Les idées technocratiques de Pierre Moussa sur l’Eurafrique constituaient une nouvelle tentative d’esquiver les véritables enjeux des intérêts mutuels de la France et des territoires africains, dont une des ambitions était d’associer nos partenaires européens au financement du FIDES, c’est-à-dire le partage du « fardeau » de l’Afrique noire.

        Les discussions sur tel ou tel type de relation institutionnelle entre la métropole et les territoires africains se poursuivaient en palabres du genre africain, alors que les jeux étaient faits depuis longtemps, j’ai envie de dire dès le début de la colonisation de l’Afrique noire ou d’autres territoires, imagination à l’œuvre ou non.

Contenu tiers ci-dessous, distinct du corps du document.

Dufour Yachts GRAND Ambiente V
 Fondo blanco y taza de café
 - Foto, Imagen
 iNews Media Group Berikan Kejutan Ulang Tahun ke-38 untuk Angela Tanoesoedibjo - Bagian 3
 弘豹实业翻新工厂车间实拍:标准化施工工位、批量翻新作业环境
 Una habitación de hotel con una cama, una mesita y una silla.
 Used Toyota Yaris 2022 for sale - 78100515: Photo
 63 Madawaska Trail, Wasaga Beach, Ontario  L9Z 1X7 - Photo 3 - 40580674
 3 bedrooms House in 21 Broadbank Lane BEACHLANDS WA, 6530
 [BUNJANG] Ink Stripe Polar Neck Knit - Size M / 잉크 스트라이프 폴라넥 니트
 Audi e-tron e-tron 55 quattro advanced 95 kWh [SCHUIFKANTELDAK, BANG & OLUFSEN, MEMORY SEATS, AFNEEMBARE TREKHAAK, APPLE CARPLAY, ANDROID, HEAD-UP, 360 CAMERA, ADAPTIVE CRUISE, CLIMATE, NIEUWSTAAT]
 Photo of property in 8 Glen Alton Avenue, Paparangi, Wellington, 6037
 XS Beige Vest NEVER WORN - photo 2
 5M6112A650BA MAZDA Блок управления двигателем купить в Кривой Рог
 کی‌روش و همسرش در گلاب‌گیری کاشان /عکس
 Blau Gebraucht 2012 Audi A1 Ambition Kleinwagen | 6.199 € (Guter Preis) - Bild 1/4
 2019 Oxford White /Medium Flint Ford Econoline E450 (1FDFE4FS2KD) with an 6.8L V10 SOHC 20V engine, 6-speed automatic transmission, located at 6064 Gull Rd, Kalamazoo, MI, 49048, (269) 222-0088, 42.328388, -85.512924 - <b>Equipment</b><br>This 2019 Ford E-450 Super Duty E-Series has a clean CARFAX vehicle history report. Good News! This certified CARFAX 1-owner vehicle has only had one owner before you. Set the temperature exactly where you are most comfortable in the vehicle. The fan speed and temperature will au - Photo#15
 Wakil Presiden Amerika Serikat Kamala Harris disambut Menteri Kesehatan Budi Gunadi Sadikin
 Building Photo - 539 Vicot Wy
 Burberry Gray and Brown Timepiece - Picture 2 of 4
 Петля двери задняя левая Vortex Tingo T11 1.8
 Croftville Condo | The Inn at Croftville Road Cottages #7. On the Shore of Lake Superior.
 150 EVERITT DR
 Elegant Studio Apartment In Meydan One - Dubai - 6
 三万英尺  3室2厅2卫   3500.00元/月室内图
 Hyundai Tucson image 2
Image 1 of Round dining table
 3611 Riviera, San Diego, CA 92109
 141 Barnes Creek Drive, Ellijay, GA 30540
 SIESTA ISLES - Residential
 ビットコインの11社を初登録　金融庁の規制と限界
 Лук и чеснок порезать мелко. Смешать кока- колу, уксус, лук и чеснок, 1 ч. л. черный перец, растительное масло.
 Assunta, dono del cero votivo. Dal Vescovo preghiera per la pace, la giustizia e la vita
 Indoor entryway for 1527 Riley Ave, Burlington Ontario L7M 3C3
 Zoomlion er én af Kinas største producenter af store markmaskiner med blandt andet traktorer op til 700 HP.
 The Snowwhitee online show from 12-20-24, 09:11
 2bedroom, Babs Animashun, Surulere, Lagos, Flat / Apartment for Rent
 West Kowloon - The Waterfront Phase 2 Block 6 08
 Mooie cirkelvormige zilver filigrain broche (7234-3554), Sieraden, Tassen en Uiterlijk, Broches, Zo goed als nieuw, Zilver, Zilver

       «  Evaluant les possibilités et les inconvénients d’une intégration plus étroite avec leurs voisins européens et les anciennes colonies africaines, les dirigeants français tentaient d’atteindre ces deux objectifs. Ils ne réussirent pas à convaincre leurs partenaires européens des avantages qu’offrait l’intégration de l’Afrique dans les institutions européennes. Et si la plupart des dirigeants africains estimaient encore qu’ils avaient quelque chose à gagner de la France – voire de l’Europe -, jamais la question de savoir si la France avait quelque chose à gagner de l’Afrique ne s’était posée avec autant de clarté. » (p,286)

        Il n’est pas démontré qu’il ait fallu attendre 1957 pour faire un tel constat, et que les véritables objectifs  des dirigeants français aient été ceux-ci-dessus énoncés, mais dans le paragraphe ci-dessus le mot qui compte est celui de « gagner ».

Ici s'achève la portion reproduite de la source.